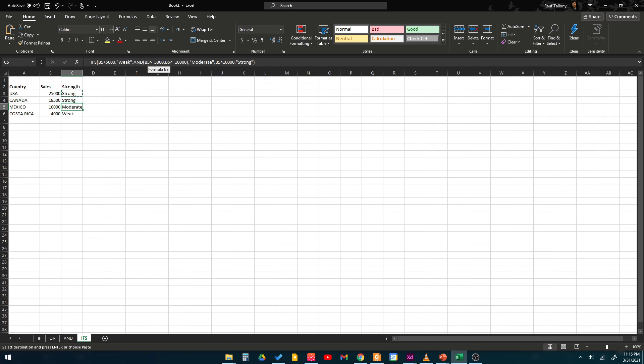And we can see here 4000 is weak because it is less than 5000, which is the first condition we are having in our IFS statement. That's all about it.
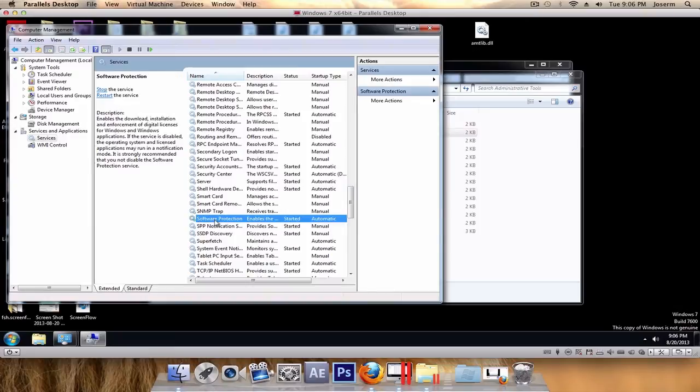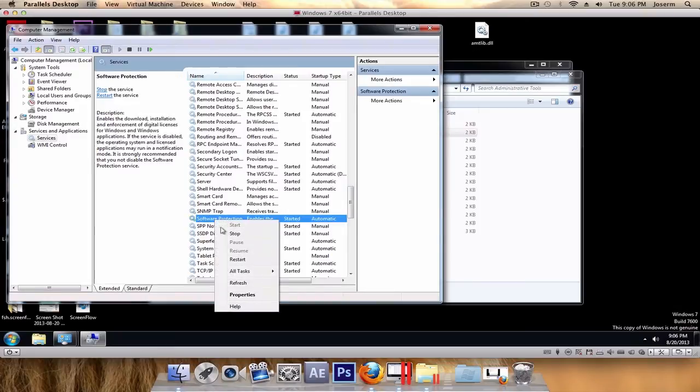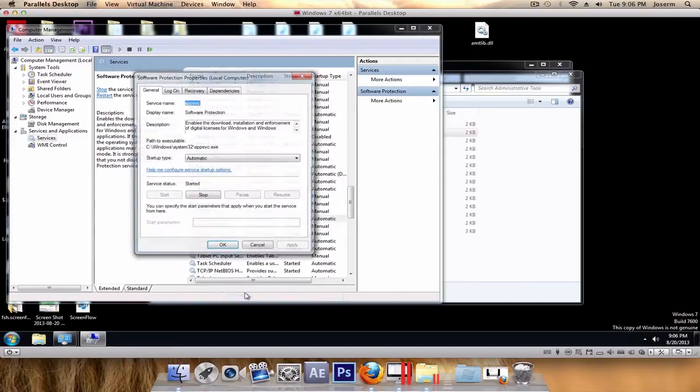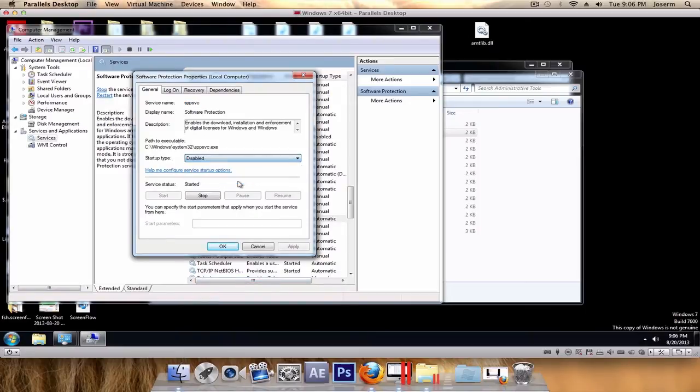Right click, then Properties. Disable the Startup Type. Click Apply and bam!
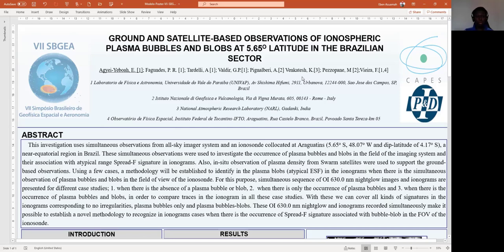Today I present on the topic: ground and satellite-based observations of ionospheric plasma bubbles and blobs at 5.65 degrees latitude in the Brazilian sector. My name is Ebenezer Ajay-Yabua, a PhD student at the Research and Development Institute of UNIVAP.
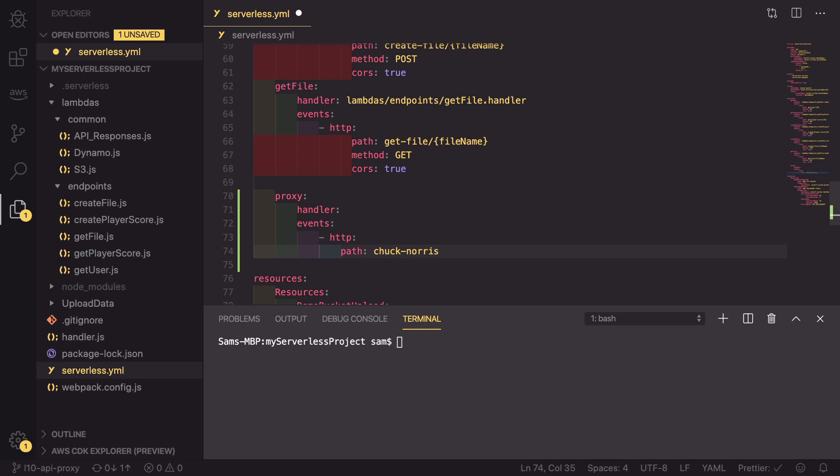And here is where the first new feature comes in. What we want to do is we want to have an API that says /chuck-norris/jokes/random or /jokes/18. And all of these want to be proxied through to that original Chuck Norris API. To do this, we put curly braces and set the parameter in here to be proxy+. This means that there could be multiple layers of proxy integration.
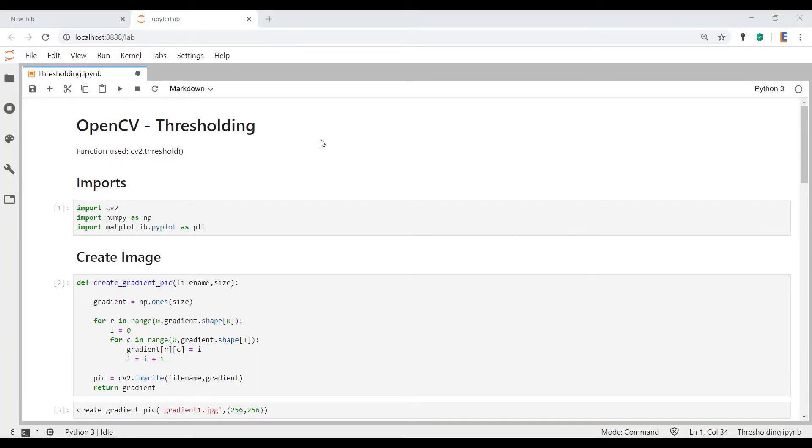Hello and welcome everybody to Elanus Labs. Today we're going to be doing a tutorial on how you can use OpenCV to do thresholding.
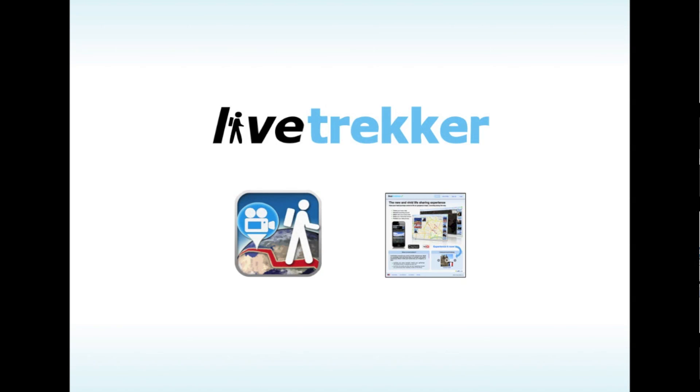In conclusion, LiveTrekker is built on an open architecture that lets you access your data with your favorite tools.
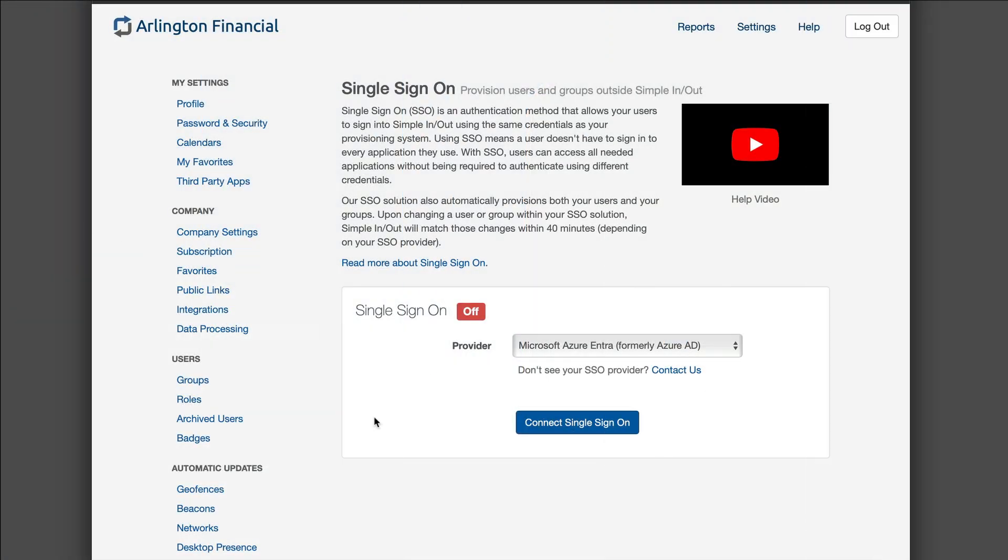SimplenOut is the best in-out board around with applications for phones, tablets, televisions, and desktop computers, integrations in Slack and Teams and calendars, and of course a great website simplenout.com. Your users historically would have an email and password combination to log in, but now SimplenOut supports single sign-on technology which allows your users to use credentials they're already using in your other enterprise systems.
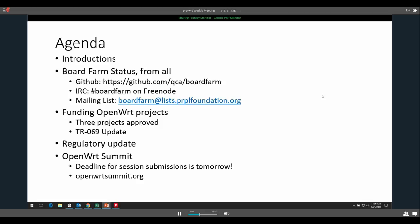I don't think we need to do introductions - I think everyone here knows each other. Board farm status: Mike, you were talking about some of the board farm stuff you were using. You're doing it inside a QCA. Is there anything you'd be willing or able to talk about?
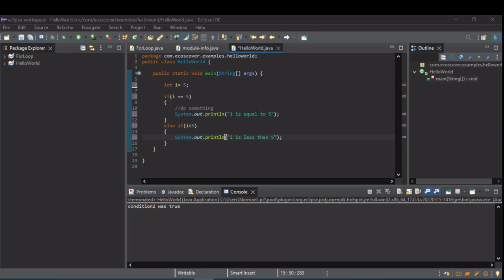If it's not equal to 5, it checks to see if it's less than 5, and we'll print this. If neither are true, nothing happens.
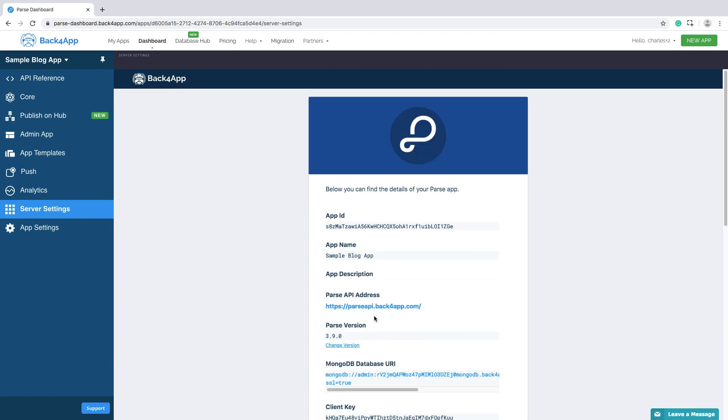You can also see in this page, the parse API address. This is the server URL address that you need to connect in your front-end site to make your queries.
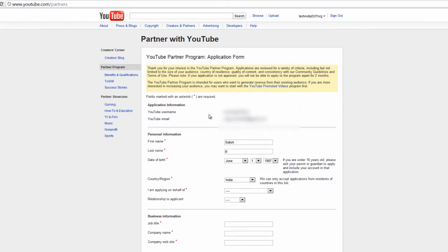This video is in support of the article 'How to Get Into YouTube Partnership Program.' Let's see the content of the YouTube partnership program application form.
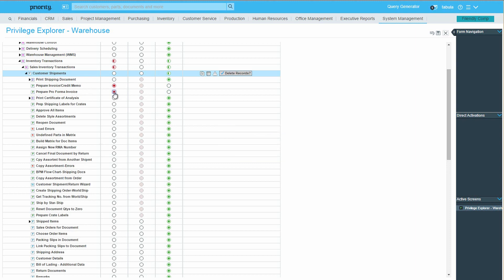For demonstration purposes, let's also assign read-only privileges to the Customer Details sub-level form. Once I assign different privileges to the Customer Shipments forms sub-entities, something interesting happens.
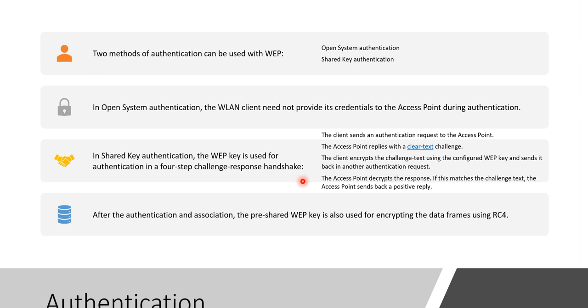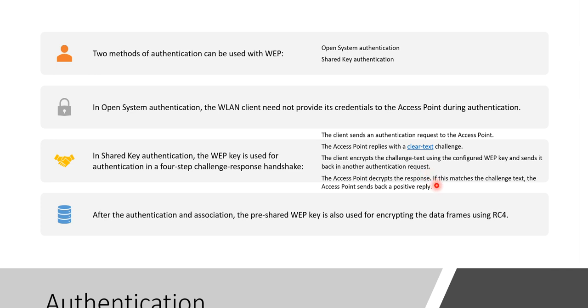Shared key authentication takes place in a four-step challenge-response handshake process. Client sends an authentication request to the access point. Access point will reply with a clear text challenge. The client has to encrypt the challenge text sent by AP using the configured WEP key and sends it back to AP in another authentication request packet. Finally, the access point decrypts the response received by the station, then it matches the challenge text. The access point sends back a positive reply if it matches with the original text.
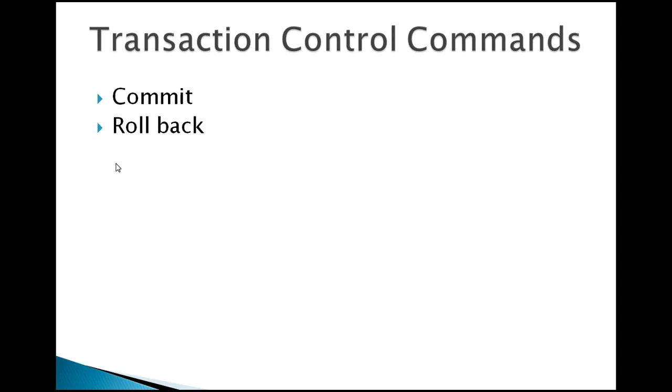The rollback will undo transactions which are performed during the session which are not committed. Make sure that those transactions are not committed, then only the rollback will work.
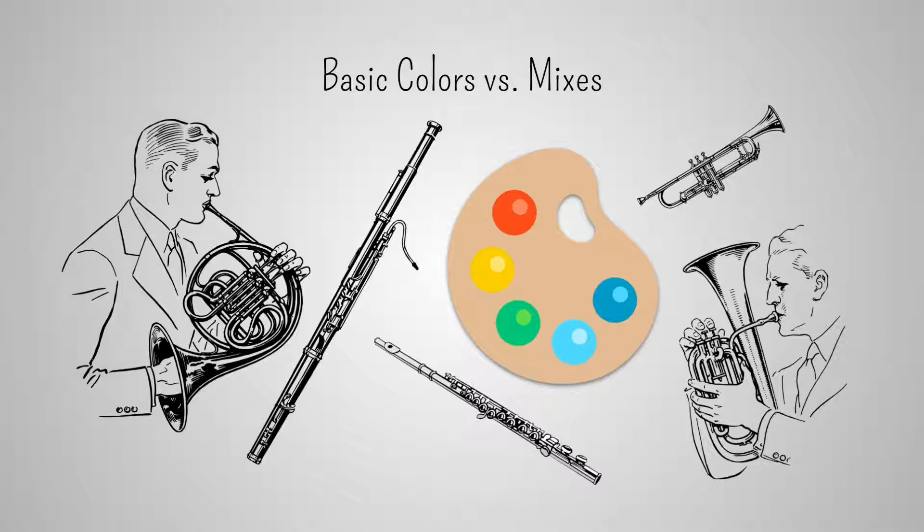Finally, while mixes are interesting, a basic color from time to time adds variety and contrast to the orchestration.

_____

WHAT THE EXERCISE ASKS: Give the listing again word for word. Skip every image.

EXERCISE ANSWER:
And we can see here 4000 is weak because it is less than 5000, which is the first condition we are having in our IFS statement. That's all about it.
Right click, then Properties. Disable the Startup Type. Click Apply and bam!
Today I present on the topic: ground and satellite-based observations of ionospheric plasma bubbles and blobs at 5.65 degrees latitude in the Brazilian sector. My name is Ebenezer Ajay-Yabua, a PhD student at the Research and Development Institute of UNIVAP.
And here is where the first new feature comes in. What we want to do is we want to have an API that says /chuck-norris/jokes/random or /jokes/18. And all of these want to be proxied through to that original Chuck Norris API. To do this, we put curly braces and set the parameter in here to be proxy+. This means that there could be multiple layers of proxy integration.
Hello and welcome everybody to Elanus Labs. Today we're going to be doing a tutorial on how you can use OpenCV to do thresholding.
In conclusion, LiveTrekker is built on an open architecture that lets you access your data with your favorite tools.
SimplenOut is the best in-out board around with applications for phones, tablets, televisions, and desktop computers, integrations in Slack and Teams and calendars, and of course a great website simplenout.com. Your users historically would have an email and password combination to log in, but now SimplenOut supports single sign-on technology which allows your users to use credentials they're already using in your other enterprise systems.
I don't think we need to do introductions - I think everyone here knows each other. Board farm status: Mike, you were talking about some of the board farm stuff you were using. You're doing it inside a QCA. Is there anything you'd be willing or able to talk about?
If it's not equal to 5, it checks to see if it's less than 5, and we'll print this. If neither are true, nothing happens.
You can also see in this page, the parse API address. This is the server URL address that you need to connect in your front-end site to make your queries.
This video is in support of the article 'How to Get Into YouTube Partnership Program.' Let's see the content of the YouTube partnership program application form.
For demonstration purposes, let's also assign read-only privileges to the Customer Details sub-level form. Once I assign different privileges to the Customer Shipments forms sub-entities, something interesting happens.
Shared key authentication takes place in a four-step challenge-response handshake process. Client sends an authentication request to the access point. Access point will reply with a clear text challenge. The client has to encrypt the challenge text sent by AP using the configured WEP key and sends it back to AP in another authentication request packet. Finally, the access point decrypts the response received by the station, then it matches the challenge text. The access point sends back a positive reply if it matches with the original text.
The rollback will undo transactions which are performed during the session which are not committed. Make sure that those transactions are not committed, then only the rollback will work.
Finally, while mixes are interesting, a basic color from time to time adds variety and contrast to the orchestration.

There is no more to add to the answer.